(Collected data)
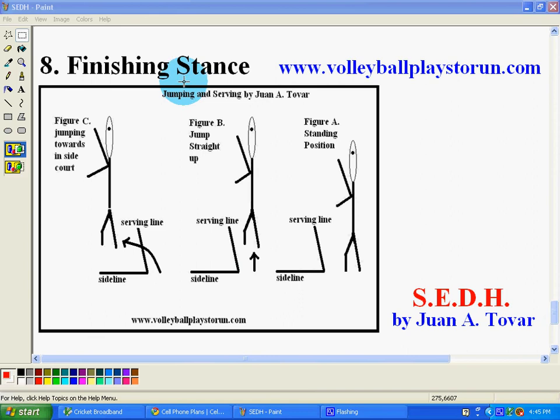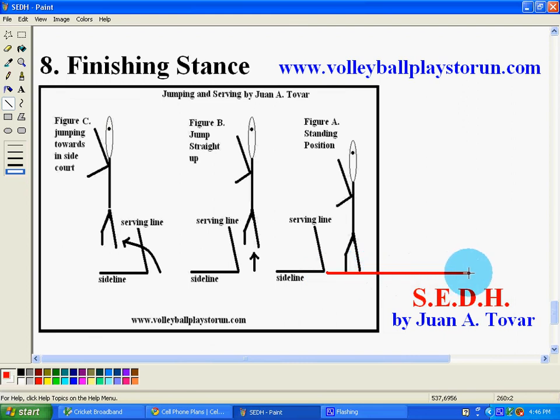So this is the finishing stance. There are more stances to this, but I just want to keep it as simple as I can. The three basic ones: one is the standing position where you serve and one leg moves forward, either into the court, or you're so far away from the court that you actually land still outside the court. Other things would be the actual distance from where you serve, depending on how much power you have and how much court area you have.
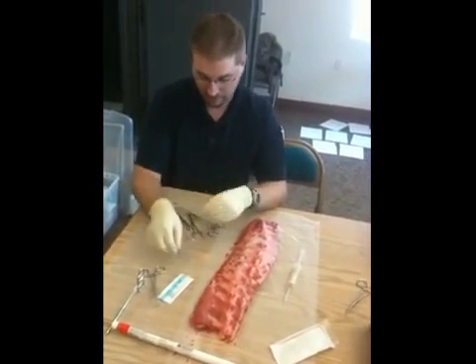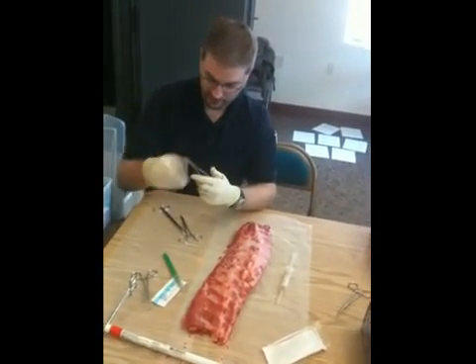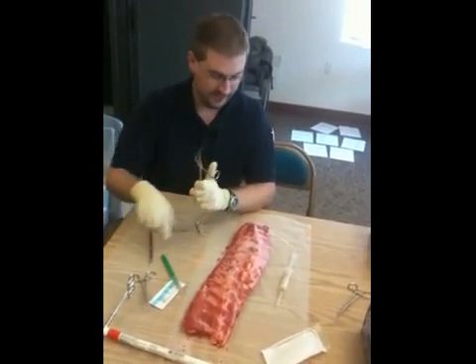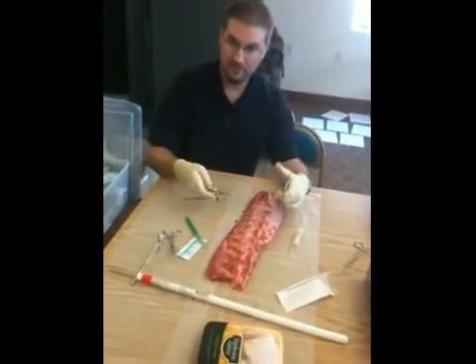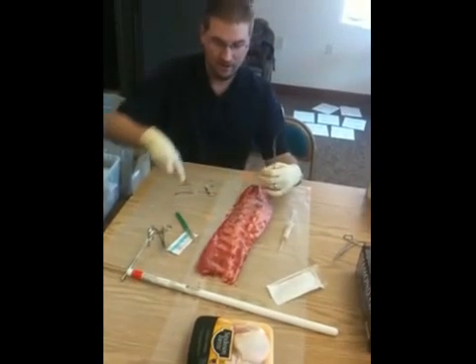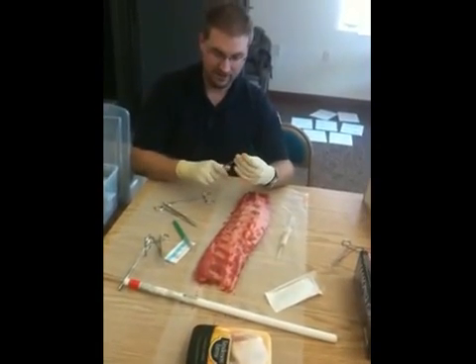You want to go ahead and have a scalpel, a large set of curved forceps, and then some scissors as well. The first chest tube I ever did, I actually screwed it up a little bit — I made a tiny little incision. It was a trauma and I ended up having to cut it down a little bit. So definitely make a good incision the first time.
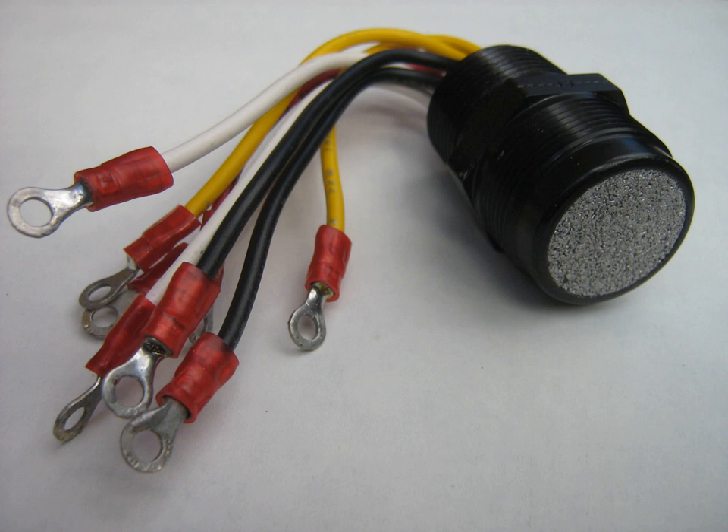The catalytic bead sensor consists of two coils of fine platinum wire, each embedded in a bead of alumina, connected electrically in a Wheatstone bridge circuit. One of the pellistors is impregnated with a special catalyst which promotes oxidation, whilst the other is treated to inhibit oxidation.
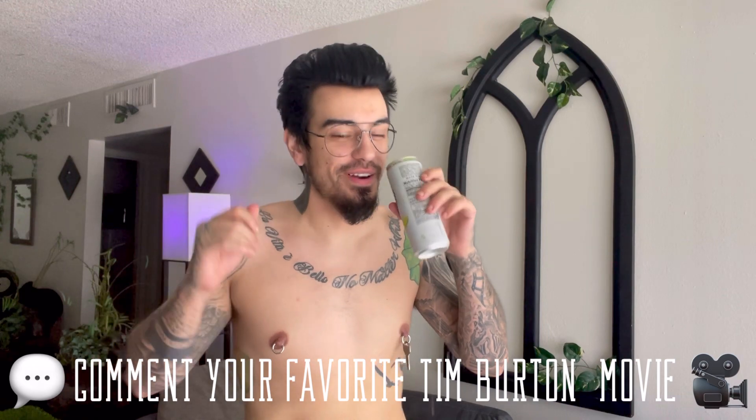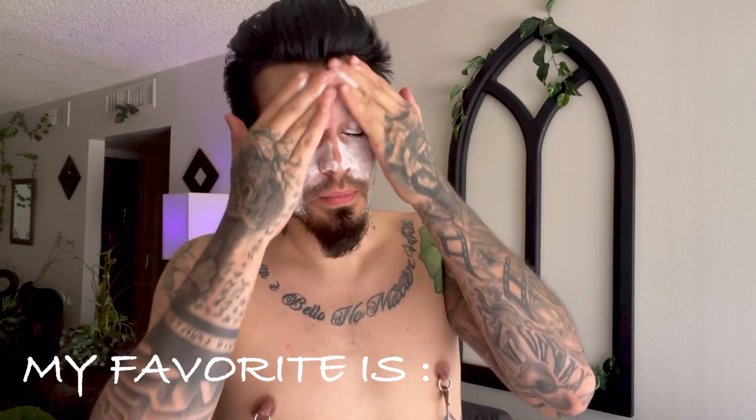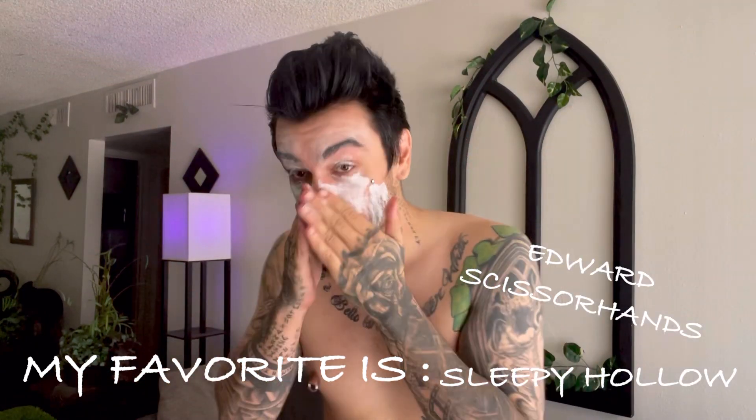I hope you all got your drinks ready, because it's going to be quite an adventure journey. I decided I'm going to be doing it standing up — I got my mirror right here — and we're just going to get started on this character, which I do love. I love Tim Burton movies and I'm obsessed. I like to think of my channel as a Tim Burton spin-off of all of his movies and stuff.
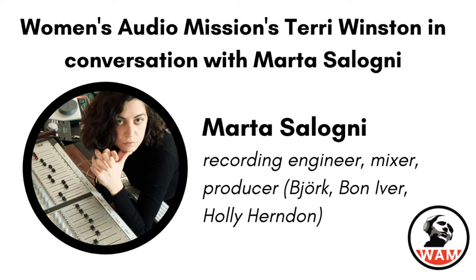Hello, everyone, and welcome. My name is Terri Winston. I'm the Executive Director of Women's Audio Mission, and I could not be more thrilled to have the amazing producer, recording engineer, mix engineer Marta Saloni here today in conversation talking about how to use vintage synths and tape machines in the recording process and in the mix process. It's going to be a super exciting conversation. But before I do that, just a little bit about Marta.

_TASK INSTRUCTIONS_:
Output, exactly and without pictures, the lines above that run from the one containing "The catalytic bead" through the last line of the entries, inclusive.

_WRITTEN RESPONSE_:
The catalytic bead sensor consists of two coils of fine platinum wire, each embedded in a bead of alumina, connected electrically in a Wheatstone bridge circuit. One of the pellistors is impregnated with a special catalyst which promotes oxidation, whilst the other is treated to inhibit oxidation.
I hope you all got your drinks ready, because it's going to be quite an adventure journey. I decided I'm going to be doing it standing up — I got my mirror right here — and we're just going to get started on this character, which I do love. I love Tim Burton movies and I'm obsessed. I like to think of my channel as a Tim Burton spin-off of all of his movies and stuff.
Hello, everyone, and welcome. My name is Terri Winston. I'm the Executive Director of Women's Audio Mission, and I could not be more thrilled to have the amazing producer, recording engineer, mix engineer Marta Saloni here today in conversation talking about how to use vintage synths and tape machines in the recording process and in the mix process. It's going to be a super exciting conversation. But before I do that, just a little bit about Marta.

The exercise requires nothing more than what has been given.